Yesterday, Eni’s Board of Directors approved the Group results for the fourth quarter and the full year 2019 (unaudited) and convened the Annual Shareholders' Meeting. Commenting on the results, Claudio Descalzi, CEO of Eni, remarked:
“Eni is pleased to have reported excellent results in 2019, despite a tough period characterised by geopolitical tensions and much less favourable commodity prices than in 2018. The results today reflect the successful strategy we have pursued in recent years, which has seen Eni become more resilient and growing business. In the Upstream in particular, we achieved record production of 1.87 million barrels a day with a reserve replacement ratio of 117%.
The results achieved in the Gas & Power and oil Marketing were particularly positive. Refining and Chemicals endured a challenging period, although the results were however mitigated by Eni’s restructuring actions taken in previous years.

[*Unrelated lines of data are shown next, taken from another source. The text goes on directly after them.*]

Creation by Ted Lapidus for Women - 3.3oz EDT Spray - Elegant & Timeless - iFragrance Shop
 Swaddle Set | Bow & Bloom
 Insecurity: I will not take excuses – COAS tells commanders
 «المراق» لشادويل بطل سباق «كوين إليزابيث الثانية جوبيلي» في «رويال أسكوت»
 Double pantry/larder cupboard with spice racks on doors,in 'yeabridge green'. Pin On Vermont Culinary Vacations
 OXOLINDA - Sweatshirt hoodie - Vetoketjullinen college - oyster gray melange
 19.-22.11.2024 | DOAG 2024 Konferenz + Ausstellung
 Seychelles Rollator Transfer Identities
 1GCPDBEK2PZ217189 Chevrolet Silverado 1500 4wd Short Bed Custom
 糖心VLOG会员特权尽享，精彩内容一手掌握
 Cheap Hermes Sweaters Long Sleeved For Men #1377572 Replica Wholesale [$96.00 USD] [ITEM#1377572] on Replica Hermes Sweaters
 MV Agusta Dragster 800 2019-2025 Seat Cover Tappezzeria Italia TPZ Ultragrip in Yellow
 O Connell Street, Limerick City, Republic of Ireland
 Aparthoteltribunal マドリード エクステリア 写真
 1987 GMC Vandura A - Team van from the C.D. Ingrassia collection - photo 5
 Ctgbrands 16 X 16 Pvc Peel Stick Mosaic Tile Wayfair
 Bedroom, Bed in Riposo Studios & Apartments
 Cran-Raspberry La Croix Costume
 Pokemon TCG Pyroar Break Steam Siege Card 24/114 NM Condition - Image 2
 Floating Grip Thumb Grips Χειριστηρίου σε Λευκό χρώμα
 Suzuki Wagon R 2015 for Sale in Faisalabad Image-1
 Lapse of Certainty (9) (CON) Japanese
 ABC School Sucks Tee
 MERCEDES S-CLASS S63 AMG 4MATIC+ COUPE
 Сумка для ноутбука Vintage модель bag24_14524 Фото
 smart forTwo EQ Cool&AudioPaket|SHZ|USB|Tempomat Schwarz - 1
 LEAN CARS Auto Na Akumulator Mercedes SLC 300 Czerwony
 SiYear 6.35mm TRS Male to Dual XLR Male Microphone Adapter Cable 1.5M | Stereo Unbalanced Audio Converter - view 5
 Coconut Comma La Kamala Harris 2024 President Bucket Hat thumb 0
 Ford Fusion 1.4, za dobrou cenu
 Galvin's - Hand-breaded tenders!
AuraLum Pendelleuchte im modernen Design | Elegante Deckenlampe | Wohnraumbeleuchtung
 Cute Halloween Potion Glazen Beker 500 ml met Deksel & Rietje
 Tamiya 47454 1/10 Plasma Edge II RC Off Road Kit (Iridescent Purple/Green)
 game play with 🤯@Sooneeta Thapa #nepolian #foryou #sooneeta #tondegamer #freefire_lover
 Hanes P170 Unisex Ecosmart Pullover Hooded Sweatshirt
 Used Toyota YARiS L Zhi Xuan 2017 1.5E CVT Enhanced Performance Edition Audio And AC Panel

Finally, during the year we continued to expand our renewables division, while also expanding our “bio-refineries” business, with production beginning at Gela. These measures underpin our efforts to expand the low carbon profile of our portfolio, in preparation for the strategy which will be pursued in the coming years. In addition to these results, the ongoing diversification of our Upstream growth in Norway and the United Arab Emirates has further bolstered our portfolio, while the purchase of 20% of the refining capacity Ruwais in the Emirates will increase our refining resilience in unfavourable market conditions.
Today Eni is a transformed company. Eni has clear growth options and is financially robust, with operating cash flow generation of €12.1 billion, €1 billion higher than capex, of €7.7 billion and shareholder distribution, including the buy-back, of €3.4 billion.
Based on these results, the Board of Directors today approved the proposed distribution of a dividend of €0.86 per share, of which €0.43 had already been distributed in September.”